Quatro cenas se repetem ao longo dos 700 quilômetros de Amazônia que CONNECTAS percorreu no coração da América do Sul através da Estrada Interoceânica e em sua zona de influência: desertos mineiros onde antes havia floresta densa, pedaços de floresta calcinados, árvores mutiladas e cobras sobre o asfalto fugindo, junto com outros animais selvagens, de um habitat que agora se torna hostil para eles.

Assim, o setor de Guacamayo da floresta peruana é hoje um areal interminável amarelo claro, como se fosse uma praia. De acordo com as autoridades locais, em dois anos arrasaram os 20 mil hectares de floresta que havia lá. A uns 800 metros, passa um rio turvo, ocre, com umas poucas plantas tentando sobreviver em sua ribeira. Já não se escuta o canto dos pássaros, nem o zumbido de centenas de insetos que povoavam essa floresta cheia de biodiversidade. Agora o que enche os ouvidos é o barulho de bombas extratoras que lavam a terra para que reluza o ouro escondido. Os únicos seres vivos são os trabalhadores sem camisa que, de uma artesanal barcaça que flutua na água parada no fundo do buraco de dez metros provocado pela bomba que suga, vigiam a operação.

“Praia adentro”, dizem os habitantes locais, a paisagem é desoladora. A poucos minutos da pesada caminhada na areia, sai um dos mineiros dizendo “Não podem estar aqui. É propriedade particular”. Protege um rudimentar sistema de polias que sobe a terra e a deixa sobre uma lona esticada que serve de peneira. O governo está fechando minas ilegais e os afetados estão resistindo com violência. Por isso, quando o mineiro vai à busca de seus companheiros para encarar os intrusos, é melhor ir embora. Neste ponto, como uma ilusão, no horizonte se vê a linha verde onde a floresta ficou. Mas logo estará mais longe.

Mais para frente, no outro lado da estrada, dá para ver a terra ainda úmida. Um perfeito retângulo preto, rastro da chamuscada feita por alguém. Uns poucos troncos queimados são testemunhas de que aqui houve vida. Paisagens carbonizadas similares se veem uma e outra e outra vez ao longo do percorrido.

O desflorestamento vem aumentando desde a chegada da Interoceânica como resultado da falta de planejamento e controle.
Da estrada, centenas de improvisados caminhos são construídas para entrar na floresta. Isso facilita a extração de recursos naturais.

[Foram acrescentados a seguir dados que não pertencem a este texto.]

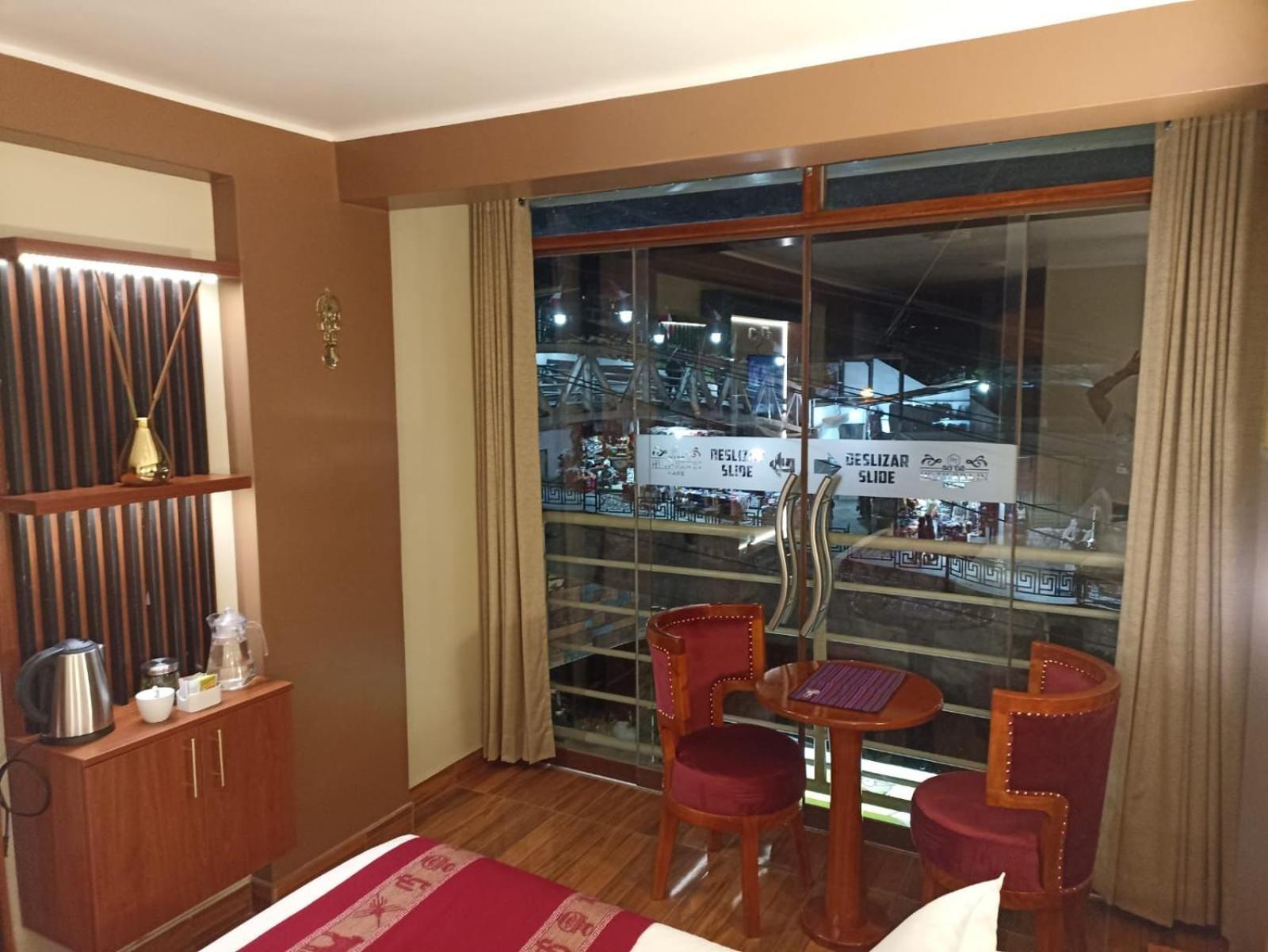 Hs Tierra In Hotell Machu Picchu Exteriör bild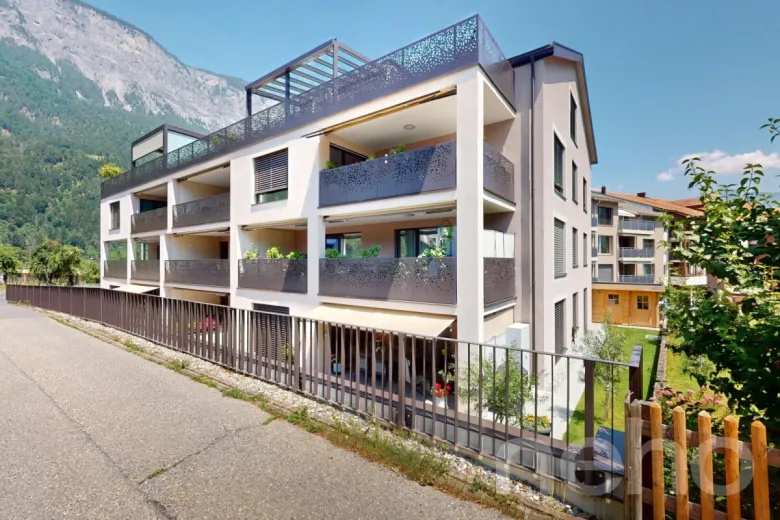 In vendita Domat/Ems Appartamento Svizzera - collaborazione con il portale immobiliare Smart-Propylaia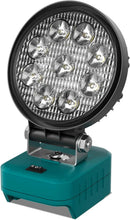 Akku Strahler LED Arbeitsleuchte 18V Kabellos Flutlicht kompatibel mit Makita-1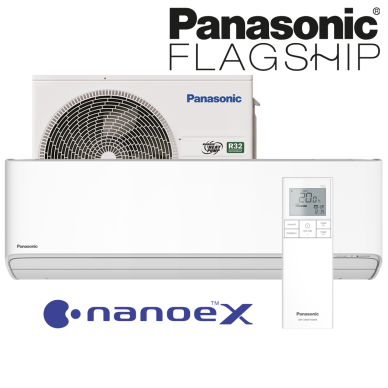 Panasonic šilumos siurblys Flagship HZ35ZKE 3,50/4,2kW Panasonic šilumos siurblys Flagship HZ35ZKE 3,50/4,2kW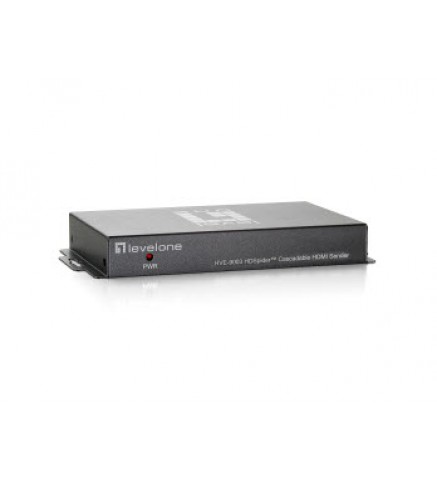 LevelOne HDSPIDER HDMI CAT.5 發送器（可級聯） - HVE-9003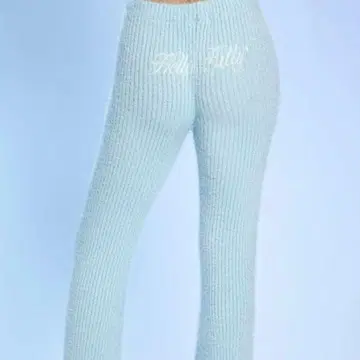 Forever21 블루엔젤 키티 xs 팬츠 블루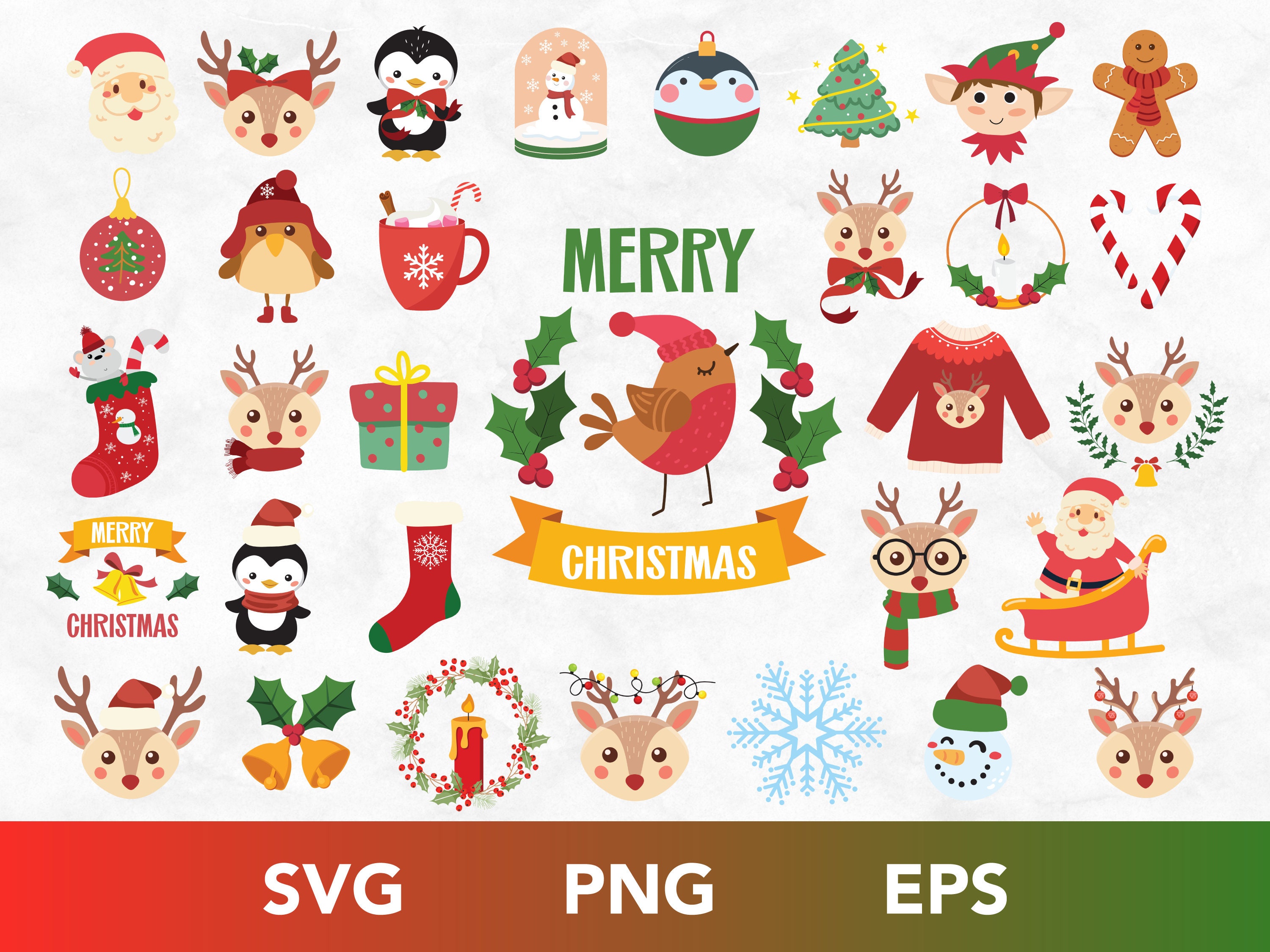 Voorbeeld van een uitnodiging voor een kerstfeest | Premium Vector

A fronteira entre a Bolívia e o Peru, na altura do povoado de Soberanía, está marcada por dois pilares de cimento que apenas se veem, na floresta virgem. Esse vasto setor é como percorrer uma rua de Manhattan, mas em lugar de arranha-céus, o que há são árvores imensas de cada lado, de 40 e 50 metros de altura, e milhares de borboletas voam nos seus extremos como se se organizassem por cores, enquanto um bicho-preguiça atravessa a estrada e foge o mais rápido que o seu passo lento permite, evitando os visitantes. Do lado boliviano, fica a Reserva Nacional de Manuripi e, no Peru, a Reserva de Tambopata.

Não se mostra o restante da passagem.